» Raw data:
+++
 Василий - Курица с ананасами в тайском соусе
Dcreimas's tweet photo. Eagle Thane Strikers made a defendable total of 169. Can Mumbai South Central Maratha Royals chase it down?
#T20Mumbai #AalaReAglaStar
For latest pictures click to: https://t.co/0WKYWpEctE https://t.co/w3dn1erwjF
+++
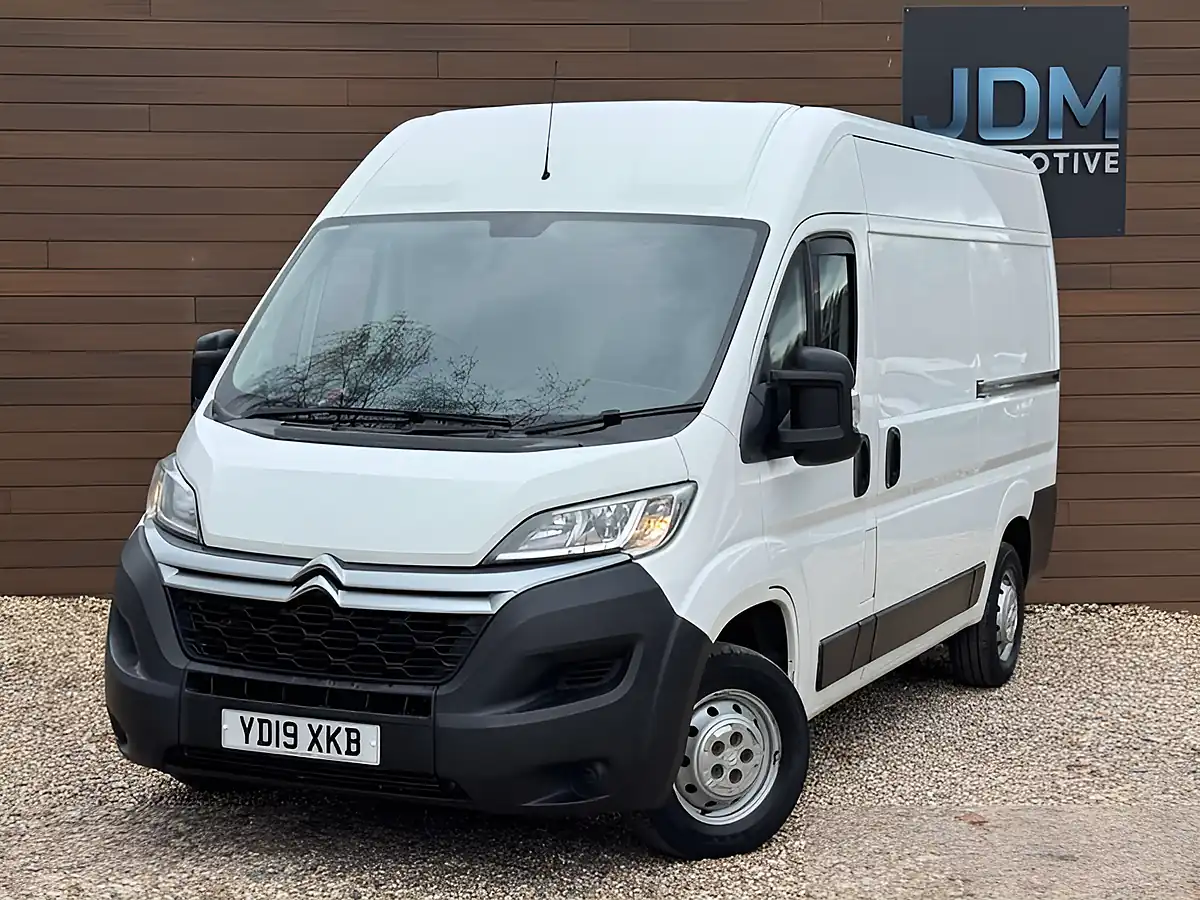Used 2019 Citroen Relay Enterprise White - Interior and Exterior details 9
+++
» Your instructions: Each line in the listing above from the one containing "Dcreimas's tweet photo." through the one containing "For latest pictures" should be repeated exactly, and no other line.

» Task result:
Dcreimas's tweet photo. Eagle Thane Strikers made a defendable total of 169. Can Mumbai South Central Maratha Royals chase it down?
#T20Mumbai #AalaReAglaStar
For latest pictures click to: https://t.co/0WKYWpEctE https://t.co/w3dn1erwjF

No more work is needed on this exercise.